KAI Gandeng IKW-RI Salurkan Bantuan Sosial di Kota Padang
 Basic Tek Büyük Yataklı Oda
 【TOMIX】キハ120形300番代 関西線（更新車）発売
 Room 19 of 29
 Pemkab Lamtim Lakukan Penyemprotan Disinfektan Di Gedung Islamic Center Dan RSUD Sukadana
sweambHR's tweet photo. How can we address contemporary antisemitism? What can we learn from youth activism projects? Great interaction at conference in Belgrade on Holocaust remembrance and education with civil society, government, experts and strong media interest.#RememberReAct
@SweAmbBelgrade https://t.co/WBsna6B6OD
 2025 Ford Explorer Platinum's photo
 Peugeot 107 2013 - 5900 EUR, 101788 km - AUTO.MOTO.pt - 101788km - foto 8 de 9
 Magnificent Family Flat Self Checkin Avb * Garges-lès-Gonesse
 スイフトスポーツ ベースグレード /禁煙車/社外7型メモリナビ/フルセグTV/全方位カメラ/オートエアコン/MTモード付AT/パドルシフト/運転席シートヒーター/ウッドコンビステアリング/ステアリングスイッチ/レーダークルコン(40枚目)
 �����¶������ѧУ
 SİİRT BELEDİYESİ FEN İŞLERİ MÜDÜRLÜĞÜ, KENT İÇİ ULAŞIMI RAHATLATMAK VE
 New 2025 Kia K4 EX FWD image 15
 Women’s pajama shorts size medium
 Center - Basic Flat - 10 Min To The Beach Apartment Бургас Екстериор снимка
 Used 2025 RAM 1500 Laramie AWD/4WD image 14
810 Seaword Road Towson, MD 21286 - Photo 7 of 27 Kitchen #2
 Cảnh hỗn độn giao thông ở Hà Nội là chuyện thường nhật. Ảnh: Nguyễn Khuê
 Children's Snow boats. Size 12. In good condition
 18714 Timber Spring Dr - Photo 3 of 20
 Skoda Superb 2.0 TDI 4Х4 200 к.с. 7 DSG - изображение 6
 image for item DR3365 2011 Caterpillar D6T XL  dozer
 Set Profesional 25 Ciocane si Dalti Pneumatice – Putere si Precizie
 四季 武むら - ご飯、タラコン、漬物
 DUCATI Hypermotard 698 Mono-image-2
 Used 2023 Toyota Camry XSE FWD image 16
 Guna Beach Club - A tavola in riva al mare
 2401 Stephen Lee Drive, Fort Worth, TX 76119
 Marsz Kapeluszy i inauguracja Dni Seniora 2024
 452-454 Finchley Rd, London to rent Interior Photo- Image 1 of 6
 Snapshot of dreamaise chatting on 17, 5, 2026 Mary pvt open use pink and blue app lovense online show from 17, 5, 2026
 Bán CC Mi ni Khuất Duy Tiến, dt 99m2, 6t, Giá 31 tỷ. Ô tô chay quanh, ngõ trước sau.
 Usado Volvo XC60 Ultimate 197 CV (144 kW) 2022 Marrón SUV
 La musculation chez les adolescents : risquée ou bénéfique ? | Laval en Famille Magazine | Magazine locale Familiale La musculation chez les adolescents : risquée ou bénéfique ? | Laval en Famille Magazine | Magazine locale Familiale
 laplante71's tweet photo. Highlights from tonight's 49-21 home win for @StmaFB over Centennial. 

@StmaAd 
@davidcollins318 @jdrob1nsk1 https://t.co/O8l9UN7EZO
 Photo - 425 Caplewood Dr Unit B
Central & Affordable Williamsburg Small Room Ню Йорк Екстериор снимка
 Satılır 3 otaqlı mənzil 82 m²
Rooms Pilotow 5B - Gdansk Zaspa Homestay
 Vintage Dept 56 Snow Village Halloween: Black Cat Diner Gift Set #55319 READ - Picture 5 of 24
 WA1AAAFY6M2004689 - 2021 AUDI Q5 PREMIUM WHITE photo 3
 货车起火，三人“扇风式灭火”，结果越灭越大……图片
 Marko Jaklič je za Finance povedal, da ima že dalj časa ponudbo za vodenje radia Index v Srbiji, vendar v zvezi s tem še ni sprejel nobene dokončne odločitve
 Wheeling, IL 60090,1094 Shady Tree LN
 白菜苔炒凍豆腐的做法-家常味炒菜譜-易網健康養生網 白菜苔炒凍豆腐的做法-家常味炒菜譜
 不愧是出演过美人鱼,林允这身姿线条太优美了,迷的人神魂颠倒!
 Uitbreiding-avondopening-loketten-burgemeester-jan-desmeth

::::

TRY IT =
Make an exact copy of the data above.

YOUR SOLUTION =
KAI Gandeng IKW-RI Salurkan Bantuan Sosial di Kota Padang
 Basic Tek Büyük Yataklı Oda
 【TOMIX】キハ120形300番代 関西線（更新車）発売
 Room 19 of 29
 Pemkab Lamtim Lakukan Penyemprotan Disinfektan Di Gedung Islamic Center Dan RSUD Sukadana
sweambHR's tweet photo. How can we address contemporary antisemitism? What can we learn from youth activism projects? Great interaction at conference in Belgrade on Holocaust remembrance and education with civil society, government, experts and strong media interest.#RememberReAct
@SweAmbBelgrade https://t.co/WBsna6B6OD
 2025 Ford Explorer Platinum's photo
 Peugeot 107 2013 - 5900 EUR, 101788 km - AUTO.MOTO.pt - 101788km - foto 8 de 9
 Magnificent Family Flat Self Checkin Avb * Garges-lès-Gonesse
 スイフトスポーツ ベースグレード /禁煙車/社外7型メモリナビ/フルセグTV/全方位カメラ/オートエアコン/MTモード付AT/パドルシフト/運転席シートヒーター/ウッドコンビステアリング/ステアリングスイッチ/レーダークルコン(40枚目)
 �����¶������ѧУ
 SİİRT BELEDİYESİ FEN İŞLERİ MÜDÜRLÜĞÜ, KENT İÇİ ULAŞIMI RAHATLATMAK VE
 New 2025 Kia K4 EX FWD image 15
 Women’s pajama shorts size medium
 Center - Basic Flat - 10 Min To The Beach Apartment Бургас Екстериор снимка
 Used 2025 RAM 1500 Laramie AWD/4WD image 14
810 Seaword Road Towson, MD 21286 - Photo 7 of 27 Kitchen #2
 Cảnh hỗn độn giao thông ở Hà Nội là chuyện thường nhật. Ảnh: Nguyễn Khuê
 Children's Snow boats. Size 12. In good condition
 18714 Timber Spring Dr - Photo 3 of 20
 Skoda Superb 2.0 TDI 4Х4 200 к.с. 7 DSG - изображение 6
 image for item DR3365 2011 Caterpillar D6T XL  dozer
 Set Profesional 25 Ciocane si Dalti Pneumatice – Putere si Precizie
 四季 武むら - ご飯、タラコン、漬物
 DUCATI Hypermotard 698 Mono-image-2
 Used 2023 Toyota Camry XSE FWD image 16
 Guna Beach Club - A tavola in riva al mare
 2401 Stephen Lee Drive, Fort Worth, TX 76119
 Marsz Kapeluszy i inauguracja Dni Seniora 2024
 452-454 Finchley Rd, London to rent Interior Photo- Image 1 of 6
 Snapshot of dreamaise chatting on 17, 5, 2026 Mary pvt open use pink and blue app lovense online show from 17, 5, 2026
 Bán CC Mi ni Khuất Duy Tiến, dt 99m2, 6t, Giá 31 tỷ. Ô tô chay quanh, ngõ trước sau.
 Usado Volvo XC60 Ultimate 197 CV (144 kW) 2022 Marrón SUV
 La musculation chez les adolescents : risquée ou bénéfique ? | Laval en Famille Magazine | Magazine locale Familiale La musculation chez les adolescents : risquée ou bénéfique ? | Laval en Famille Magazine | Magazine locale Familiale
 laplante71's tweet photo. Highlights from tonight's 49-21 home win for @StmaFB over Centennial. 

@StmaAd 
@davidcollins318 @jdrob1nsk1 https://t.co/O8l9UN7EZO
 Photo - 425 Caplewood Dr Unit B
Central & Affordable Williamsburg Small Room Ню Йорк Екстериор снимка
 Satılır 3 otaqlı mənzil 82 m²
Rooms Pilotow 5B - Gdansk Zaspa Homestay
 Vintage Dept 56 Snow Village Halloween: Black Cat Diner Gift Set #55319 READ - Picture 5 of 24
 WA1AAAFY6M2004689 - 2021 AUDI Q5 PREMIUM WHITE photo 3
 货车起火，三人“扇风式灭火”，结果越灭越大……图片
 Marko Jaklič je za Finance povedal, da ima že dalj časa ponudbo za vodenje radia Index v Srbiji, vendar v zvezi s tem še ni sprejel nobene dokončne odločitve
 Wheeling, IL 60090,1094 Shady Tree LN
 白菜苔炒凍豆腐的做法-家常味炒菜譜-易網健康養生網 白菜苔炒凍豆腐的做法-家常味炒菜譜
 不愧是出演过美人鱼,林允这身姿线条太优美了,迷的人神魂颠倒!
 Uitbreiding-avondopening-loketten-burgemeester-jan-desmeth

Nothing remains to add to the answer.